Here the river kicks off its Blundstones and wriggles into some Ugg boots and trackies. “The pressure is on until the end of the Great Ravine,” says Franzi. Today, halfway through, is the first time she’s looked at a photo of the kids. “The guides can take a deep breath now because the Lower Franklin is quite relaxing in comparison.”
Newland Cascades’ immense overhang is six-star cave-camping; a serene rest-day scene, where us wild things can roam, eat native currants, eyes wide for snakes.
Finally, the sun squirms through the clouds, illuminating dollops of ice-creamy froth which settle cappuccino-like in camp-front eddies. We peel off over-ripe wetsuits to air, squeal as we jump in for a dip.
The aroma of camp-stove coffee levitates poignantly in this thoroughly rain-washed environment. After day naps, we nibble blue cheese, hummus and crackers, then gobble up heaped bowls of pasta magicked up by the dexterous guides-cum-cooks-cum-journeymen-and-women. The next day, at noon, we leave Newlands as we found it.

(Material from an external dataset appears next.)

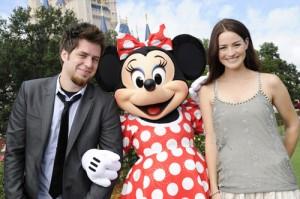 2011__07__Lee_DeWyze_Jonna_Walsh_July28newsbt 300×199.jpg
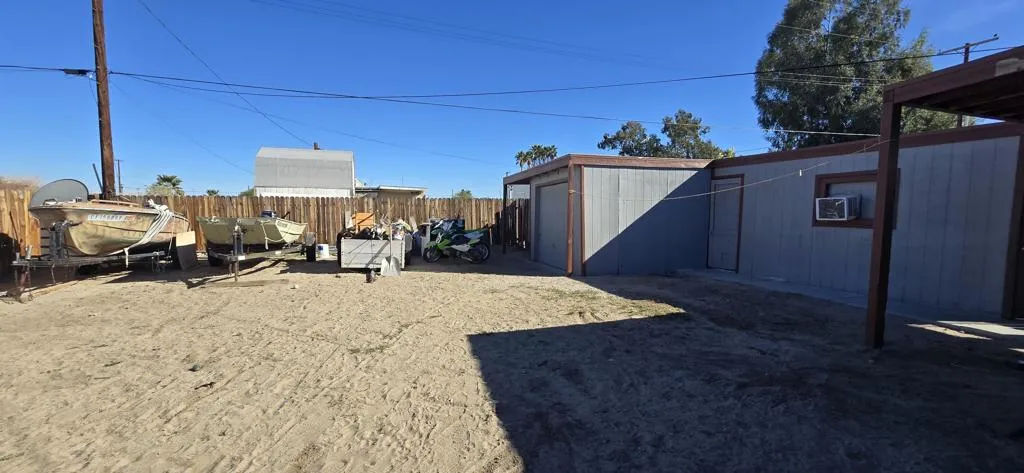 3428 Niland Avenue, Thermal, California 92274 home-pic-29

“The words ‘no trace’ get thrown around a lot, but these trips really are no trace because you don’t even leave footprints,” says Sean. “There are no signs of human interference for most of the way downriver.”
Tree martins swoop at their reflections on wide, placid pools. Driftwood logs matchstick together on the banks. The Lower Franklin’s squat, tangly lowland rainforest is a dead-set Amazon doppelgänger.
“The great thing about coming back time after time is seeing the river in so many moods,” says Sean. “Seasonal changes can be subtle and stark. The way the myrtle changes colour, the way the waratahs and leatherwood flowers come out then disappear.”
We bumble out of our rafts through a dragon-sized rock gateway into the Lost World Canyon. Thigh-deep, we ford the dark, cold stream into a sun-shy crack between two dimensions. In the half light, Elysian visions appear: moss slick like a siren’s hair; peculiar mushrooms that make you think you ate one 45 minutes ago.
Downstream, we float past Kutikina Cave mindfully, aware of how sensitive the site is to its Traditional Owners, the palawa. Thousands of bone fragments and stone artefacts were uncovered here in the 1970s, dating Indigenous occupation to at least the last Ice Age. The rediscovery was a crucial cultural element in the area’s World-Heritage trajectory.
At Pyramid Island, where the Franklin and Gordon merge without fanfare, an azure kingfisher wonders why the hell we can’t stop staring. We ‘truck-and-trailer’ the rafts together to thwart the final-stretch headwind. Thanks to those river-hugging hippies, the once-proposed main dam site is just another stretch of unencumbered river.
Our paddles plop loudly in the stillness while our shoulders and cores whine with the physical realities of an expedition powered only by gravity, water and human oomph. It is not easy being green, as that prolific 1970s Frogwellian philosopher, Kermit, once sang.
Indeed, the Franklin seems to throw test after test at you; sometimes-enveloping chill, ravenous rapids, curious leeches. On days one and two, in its dusky and dawny dispositions, the landscape seemed forebodingly empty, almost in a state of ennui. Every single day since, though, it has unlocked a little bit of itself, which in turn has unlocked a little bit of me.
I guess this is what happens when you let nature take its true course, tell its own story. As one of the few who have had the privilege to ride this wild river, all I can do is pass on my own version of the Franklin’s indomitable renaissance.